Im Gegenteil: Mit der Berufung des Ex-KGB-Manns Murat Sjasikow, der 2004 zum Präsidenten Inguschetiens wurde, geriet die Lage zunehmend außer Kontrolle. In seiner Regierungszeit dürften rund 600 Menschen ums Leben gekommen sein, rund 150 verschwanden spurlos - in einer Region, die rund eine halbe Million Einwohner zählt. Zunehmend radikalisieren sich Militante. Und die Sicherheitsorgane reagieren, indem sie schließlich den gleichen Terror gegen die Zivilbevölkerung richten.

Das Fass zum Überlaufen brachte im August die Ermordung des oppositionellen Internetjournalisten Magomed Jewlojew, der am Tag seines Todes mit der gleichen Maschine wie Sjasikow aus Moskau in der inguschetischen Hauptstadt landete und noch auf dem Rollfeld verhaftet wurde. Wenig später war er tot, erschossen. Ein Unfall, so die offizielle Version. Sein Körper wird vor einem Krankenhaus auf die Straße gelegt.

Die nachfolgende Protest- und Gewaltwelle brachte dann auch den Kreml zum Umdenken: Der unbeliebte Sjasikow musste Ende Oktober gehen. Sein Nachfolger Junus-Bek Jewkurow, ein Militär, versucht seitdem einen Ausgleich mit der Opposition und hat gar den Anwalt des ermordeten Jewlojew zu seinem Berater ernannt. Nur: Praktisch hat sich nach Angaben von örtlichen Medien noch nicht viel geändert. So bemängelt Ingushetia.org, dass auch nach der Amtsübernahme des neuen Präsidenten die Verschleppungen weitergehen.

Inguschetien ist nur ein Beispiel: Im angrenzenden Dagestan regt sich ebenfalls Widerstand, oft angefeuert von Moslems, die einer ultra-orthodoxen Auslegung des Korans folgen und von einem Kalifat im Kaukasus träumen.

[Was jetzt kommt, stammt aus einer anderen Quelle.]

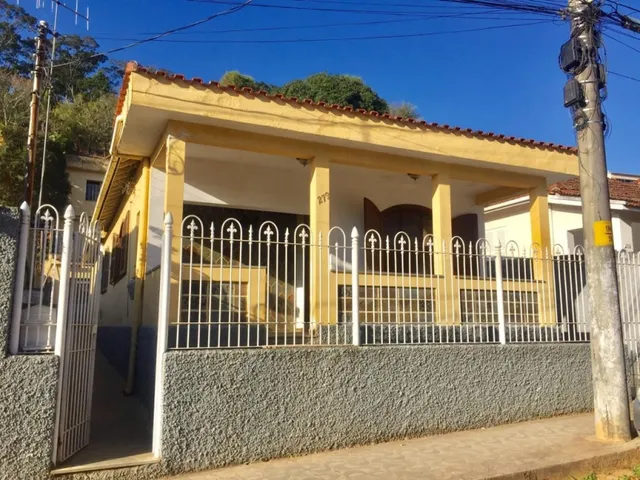Imagem: A casa possui 3 Dormitórios, 1 Banheiro, 3 Vagas na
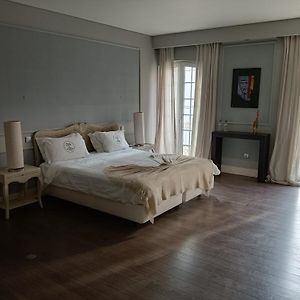 Deluxe Zimmer mit Kingsize-Bett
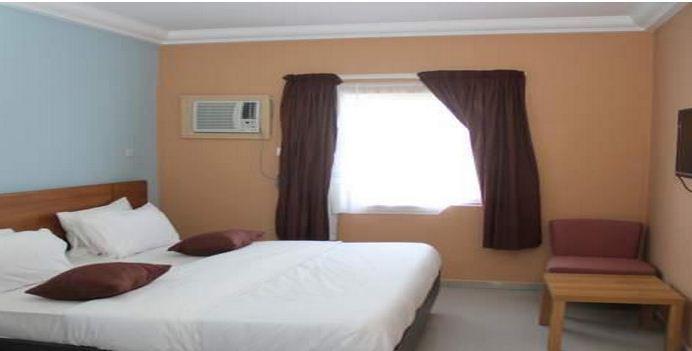 Toprate Luxury Hotel Owerri 客房 照片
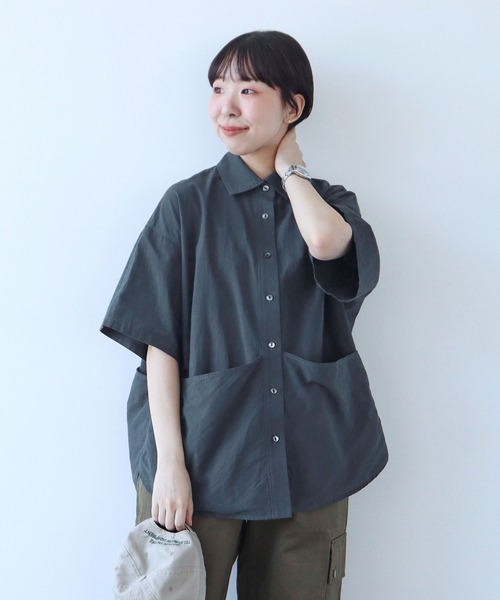 PAR ICI(パーリッシィ)の「コットンリネン 半袖ガーデンシャツ(シャツ/ブラウス・レディース・アイボリー/ブラック/グレー・FREE)」の3枚目の写真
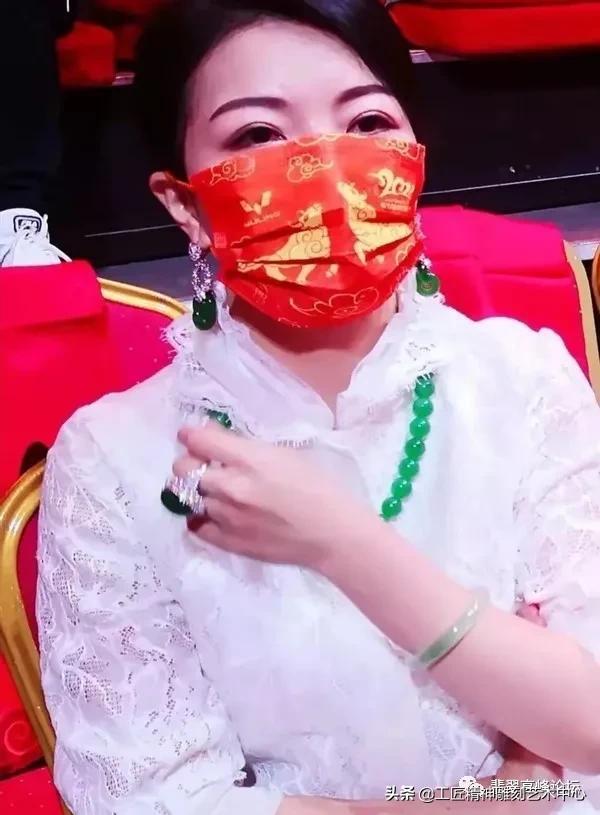 春晚从哪年开始的,华人春晚翡翠知识-第1张图片-翡翠网 春晚从哪年开始的,华人春晚翡翠知识-第1张图片-翡翠网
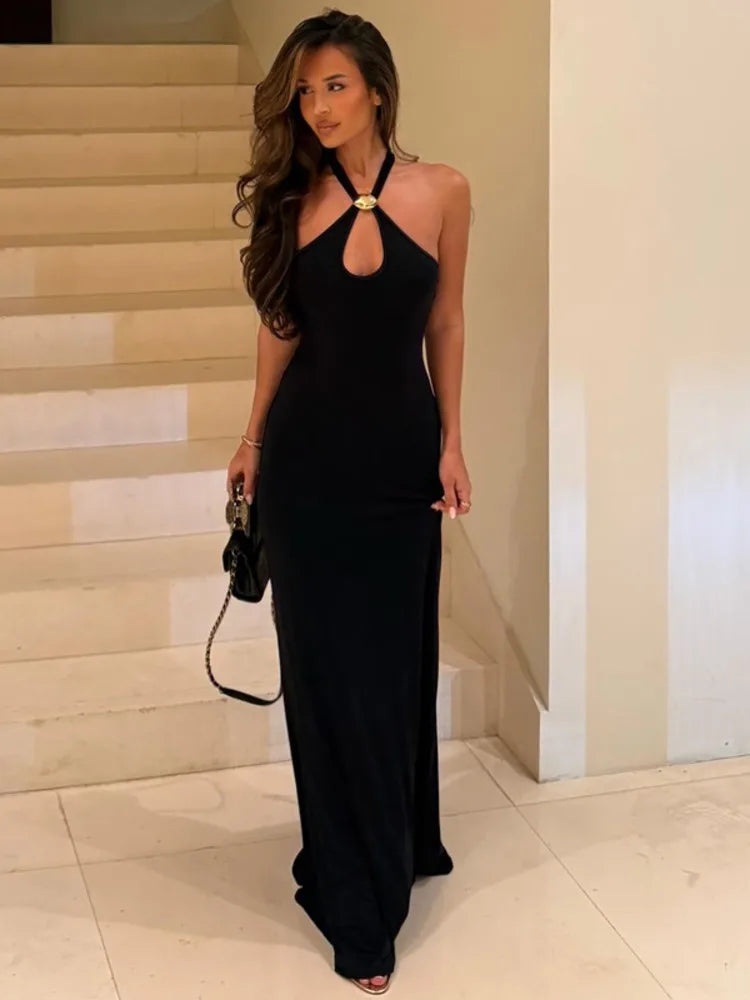 Robe Longue Noire Femme – Anneau Doré Élégant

Anders als beim Tschetschenien-Konflikt sieht Kaukasus-Kenner Halbach die Wurzel der aktuellen Gewalt aber nicht in Unabhängigkeitsbestrebungen, sondern in einem gefährlichen Mix struktureller Probleme: Die höchsten Arbeitslosenraten Russlands treffen auf die höchsten Geburtenraten.

Die lokalen Eliten werden vor allem durch Clanstrukturen und Korruption geprägt. Die Landwirtschaft, die in der Sowjetzeit vielen Menschen Arbeit gab, liegt zumeist am Boden. Diese Region ist am meisten von allen in ganz Russland auf die Förderung durch den föderalen Haushalt angewiesen.

Dazu kommen Konflikte untereinander: Tschetschenien-Präsident Kadyrow, den Moskau an der langen Leine lässt, solange er die Situation stabil hält, hat sicher nichts gegen einen Anschluss Inguschetiens, das sich erst nach dem Zerfall der Sowjetunion abgespalten hatte. Zwischen den Inguscheten und den Nordosseten herrscht wiederum ein Grenzstreit, der blutig ausgetragen wurde und mit der Vertreibung von mehreren Tausend Inguscheten endete. Die russische Unterstützung für die Osseten im Georgien-Krieg hat die Lage daher nicht beruhigt.

"Schon seit 2006 heißt die Herausforderung nicht mehr Tschetschenien", sagt SWP-Experte Halbach. Die jüngste Personalentscheidung des Kremls könne zwar eine gewisse Entspannung bringen. Doch auf absehbare Zeit bleibe die Lage im Süden instabil.